Tuesday, June 29, 2010

What Have You To Do With Us, Son Of God?

June 30, 2010

Wednesday of the Thirteenth Week in Ordinary Time

Seek good and not evil, that you may live; Then truly will the LORD, the God of hosts, be with you as you claim! Hate evil and love good, and let justice prevail at the gate; Then it may be that the LORD, the God of hosts, will have pity on the remnant of Joseph. Amos 5:14-15

"Understand this, you who forget God, lest I attack you with no one to rescue. Those who offer praise as a sacrifice honor me; to the obedient I will show the salvation of God." Psalm 50:22-23

When he came to the other side, to the territory of the Gadarenes, two demoniacs who were coming from the tombs met him.

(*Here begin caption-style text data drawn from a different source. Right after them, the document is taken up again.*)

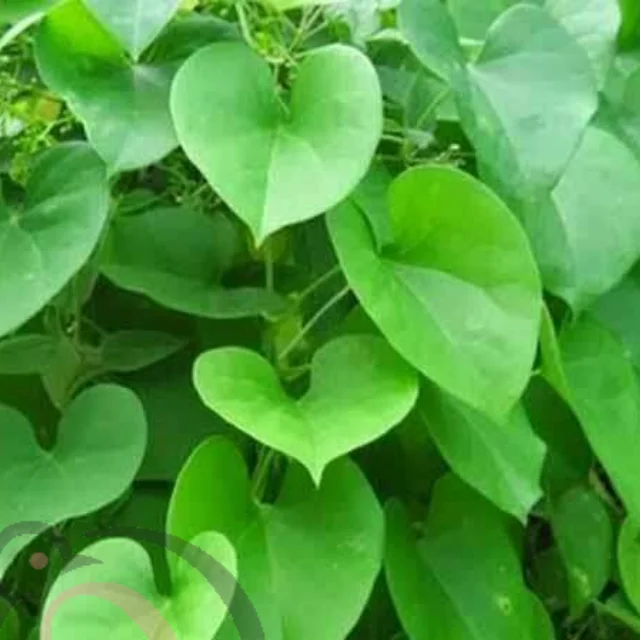 Seenthil powder (50gm) - image 1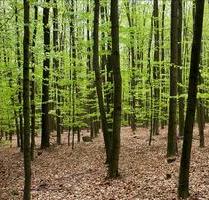 Schöner letzter Platz im FriedWald Taunusstein – Baumgrab - Wiesbaden Bierstadt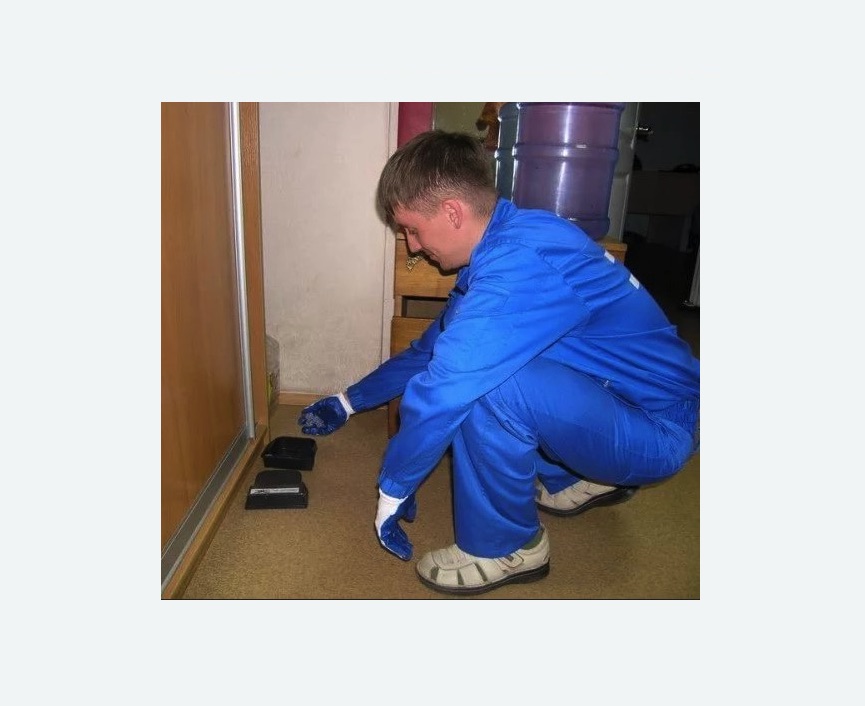 Дератизация крыс в Сальске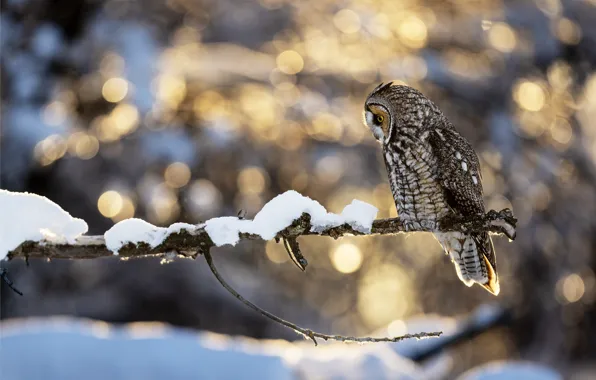 Winter, look, light, snow, nature, pose, glare, owl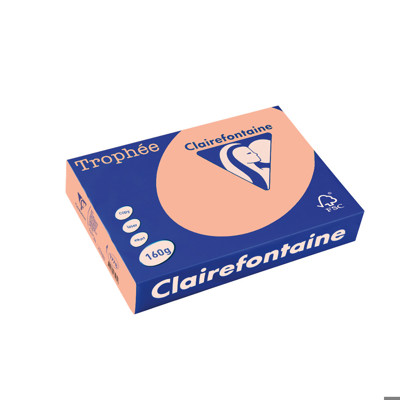 Картон коп.цв., А4, 160 г/м2, Apricot Trophee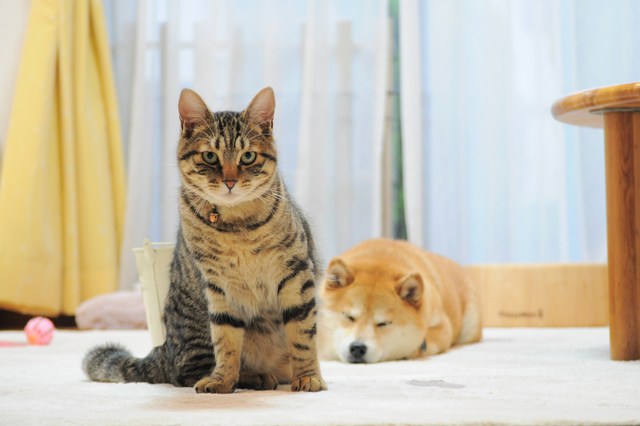 お返事上手_a0126590_22444110.jpg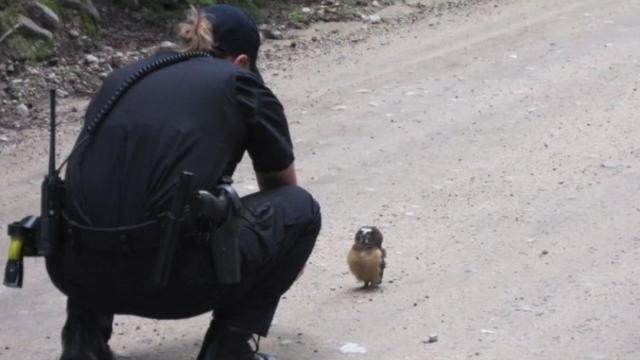 Owl stares down sheriff's deputy and wins the Internet
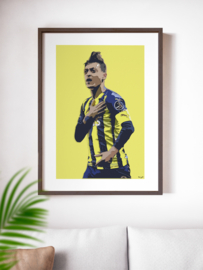 Mesut Özil, Fenerbahçe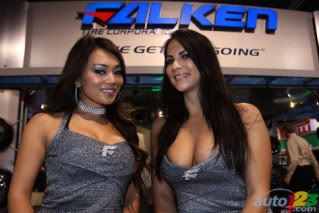 http://i253.photobucket.com/albums/hh46/rexmanches/SEMA%202010/Falkengirls.jpg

They were so savage that no one could travel by that road. They cried out, "What have you to do with us, Son of God? Have you come here to torment us before the appointed time?" Matthew 8:28-29

Piety

What have you to do with me, Jesus? What must I do to experience your saving grace? Despite my forgetfulness and sin, you never turn away from me like I turn away from you. Restore me to you so that you may always have a place to dwell with me. Amen.

Study

Why do we do what we do? Why do we do evil and spurn goodness? One answer revealed in today’s readings is because we allow the forces of evil to have greater influence on us than we allow the forces of good or of God.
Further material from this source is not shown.